▸ ASSIGNED TASK:
All records are to be transcribed in full; any pictures among them are to be skipped.

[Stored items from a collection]
----

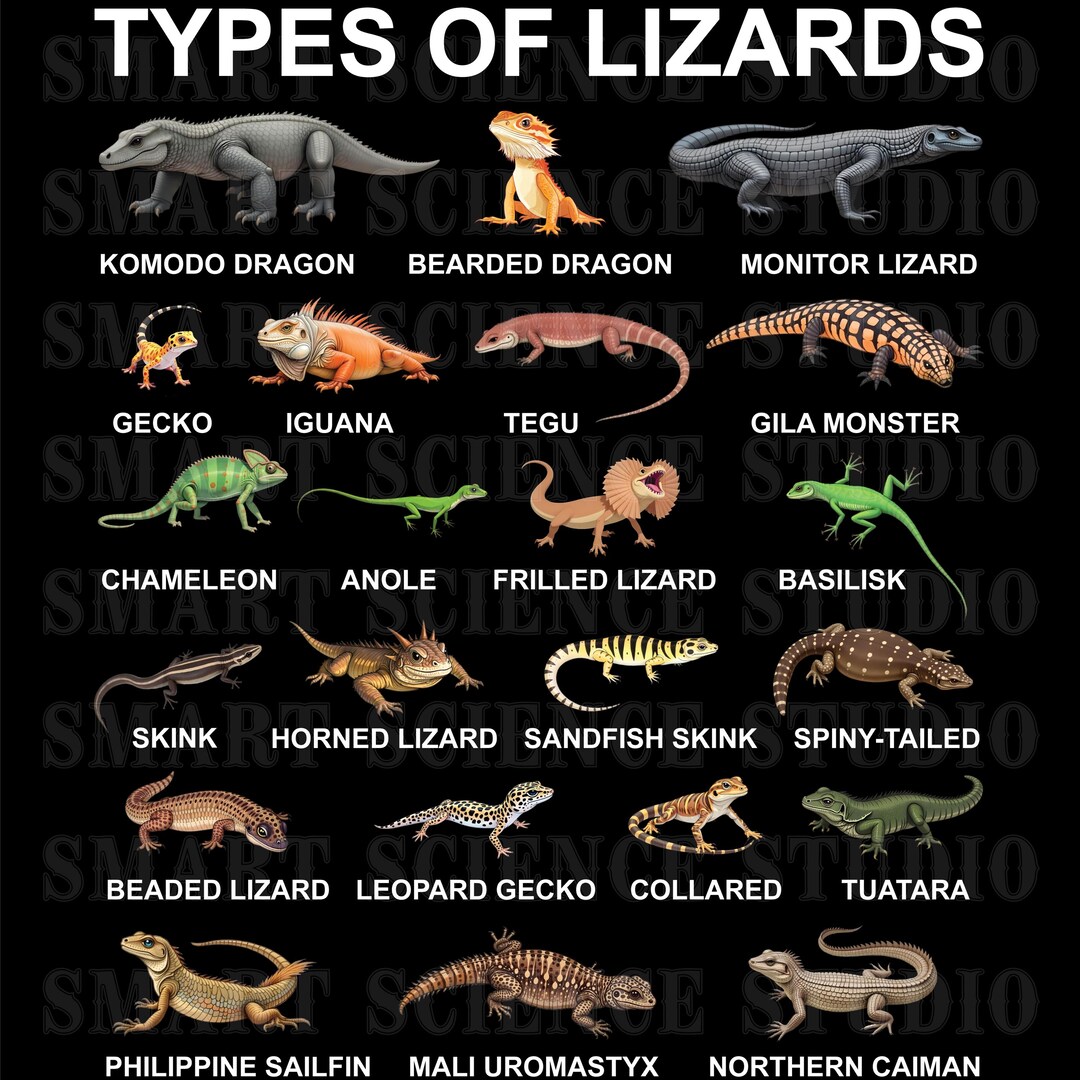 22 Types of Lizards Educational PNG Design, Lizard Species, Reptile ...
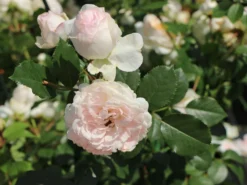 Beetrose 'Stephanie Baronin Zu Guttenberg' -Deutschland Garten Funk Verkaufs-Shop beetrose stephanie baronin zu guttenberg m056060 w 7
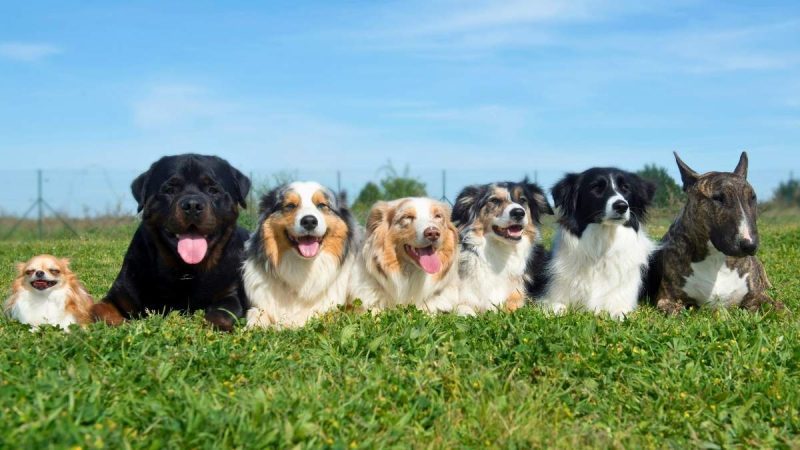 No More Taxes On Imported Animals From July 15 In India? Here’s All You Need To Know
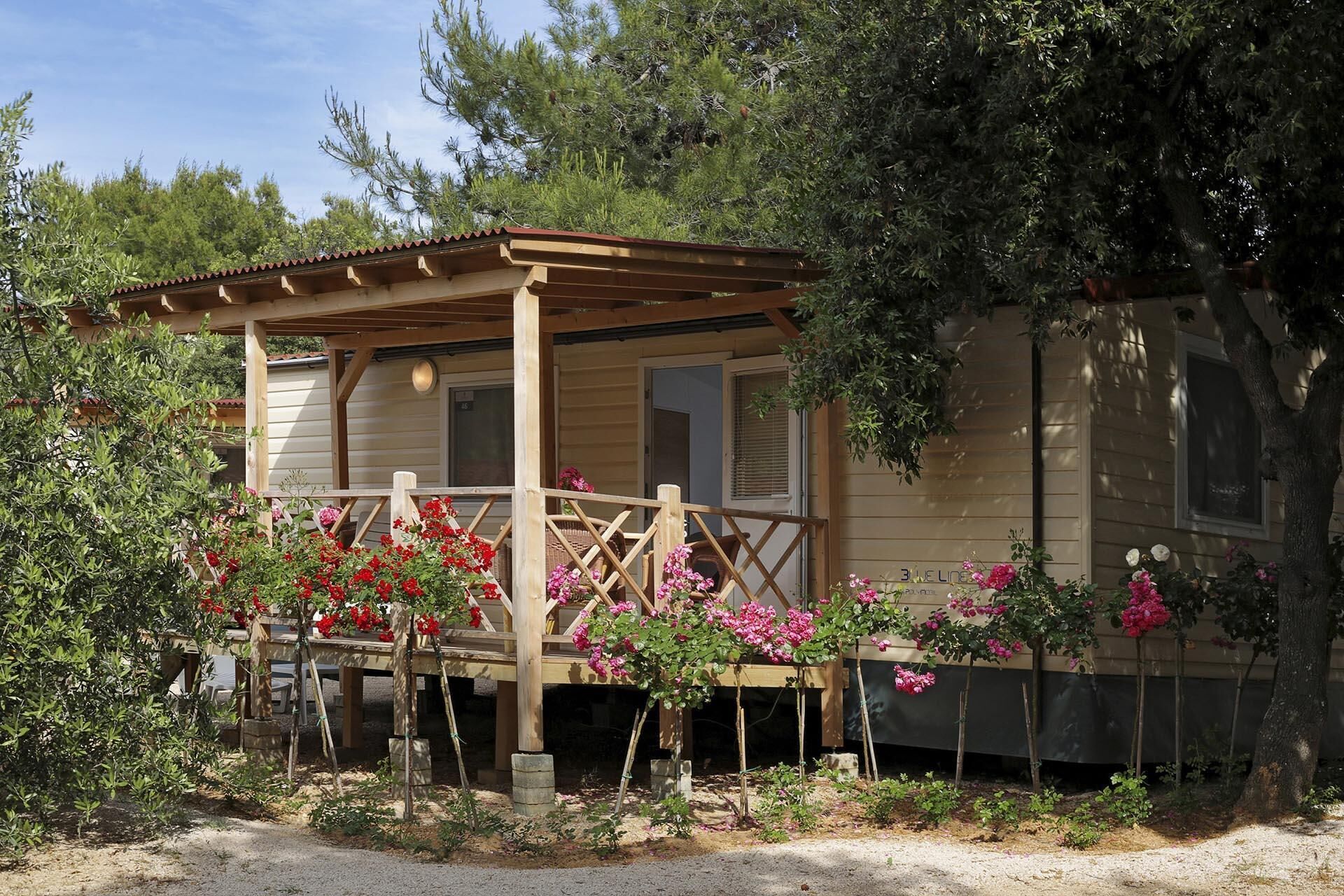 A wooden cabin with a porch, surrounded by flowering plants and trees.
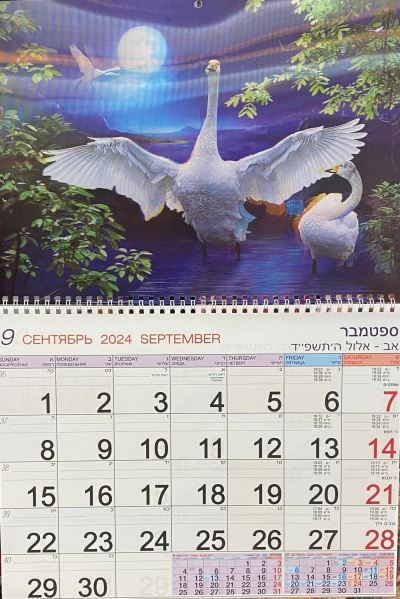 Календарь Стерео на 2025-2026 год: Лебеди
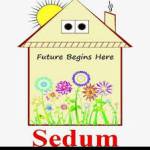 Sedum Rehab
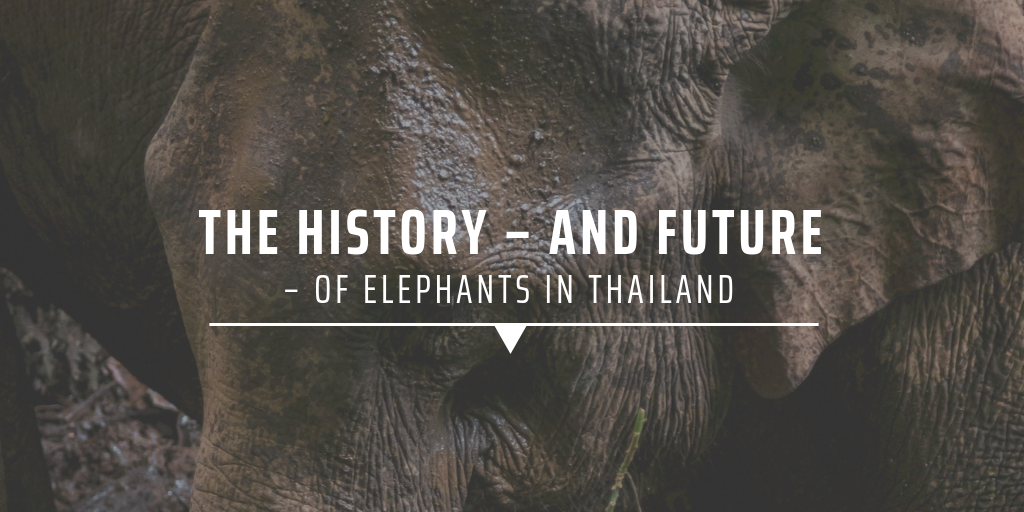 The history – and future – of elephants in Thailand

----

▸ TASK RESULT:
 22 Types of Lizards Educational PNG Design, Lizard Species, Reptile ...
 Beetrose 'Stephanie Baronin Zu Guttenberg' -Deutschland Garten Funk Verkaufs-Shop beetrose stephanie baronin zu guttenberg m056060 w 7
 No More Taxes On Imported Animals From July 15 In India? Here’s All You Need To Know
 A wooden cabin with a porch, surrounded by flowering plants and trees.
 Календарь Стерео на 2025-2026 год: Лебеди
 Sedum Rehab
 The history – and future – of elephants in Thailand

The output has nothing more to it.